— Ne le devines-tu pas ?
— C’est de la fièvre, mais cela passera, monsieur le comte, dit Charles Vernier, que le lecteur a certainement reconnu.
Le comte Henri de Navailles poussa un profond soupir.
— Ce voyage sera bien long ! dit-il en hochant la tête.
— Si tu en es déjà là, il vaut mieux virer de bord… Comment ! nous avons quitté la France depuis quatre jours, et tu te plains de n’être pas encore arrivé ?
— L’existence, sur ce navire, n’est pas d’une gaieté folle.
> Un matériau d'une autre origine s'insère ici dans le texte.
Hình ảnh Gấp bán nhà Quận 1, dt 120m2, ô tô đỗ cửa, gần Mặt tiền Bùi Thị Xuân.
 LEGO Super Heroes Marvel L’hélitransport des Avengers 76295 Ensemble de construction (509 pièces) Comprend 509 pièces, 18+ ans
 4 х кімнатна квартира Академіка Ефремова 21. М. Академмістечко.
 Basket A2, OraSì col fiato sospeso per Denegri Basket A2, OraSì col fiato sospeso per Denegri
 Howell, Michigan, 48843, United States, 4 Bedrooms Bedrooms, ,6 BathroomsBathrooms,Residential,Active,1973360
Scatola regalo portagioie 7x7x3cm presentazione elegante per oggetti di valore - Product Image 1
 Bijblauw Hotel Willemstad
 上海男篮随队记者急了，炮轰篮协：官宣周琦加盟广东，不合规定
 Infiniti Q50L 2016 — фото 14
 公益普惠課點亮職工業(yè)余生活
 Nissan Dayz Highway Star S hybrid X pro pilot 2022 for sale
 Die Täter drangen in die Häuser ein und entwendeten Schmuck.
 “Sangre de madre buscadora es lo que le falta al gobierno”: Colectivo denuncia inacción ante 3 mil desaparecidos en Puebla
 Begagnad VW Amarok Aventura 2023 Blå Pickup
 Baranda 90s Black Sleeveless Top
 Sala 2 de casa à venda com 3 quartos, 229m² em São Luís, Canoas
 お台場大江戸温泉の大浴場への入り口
— Espérais-tu donc voyager au son des violons ?
— Non, mais…
— Pas d’observation… À ta première réclamation, je te fais mettre aux fers.
— Je voudrais bien voir cela ! s’écria le comte en riant.
— Oublies-tu donc qu’un capitaine est roi à son bord ?
— Ainsi, tu me défends de récriminer contre la longueur du voyage et l’ennui que me cause la monotonie du paysage ?
— Absolument ; d’autant plus que tu exagères singulièrement. Est-il rien de plus beau que cette immensité qui nous entoure, que ce soleil qui semble ne briller que pour nous ?… Et ce roulis qui nous berce si doucement, n’est-il pas agréable ?
— Oui, oui, il est joli, ton roulis ; il m’a donné le mal de mer pendant deux jours. Puisque le navire est construit pour marcher aussi à la vapeur, pourquoi t’obstines-tu à marcher à la voile ? Nous sentirions moins ce roulis que tu trouves si agréable.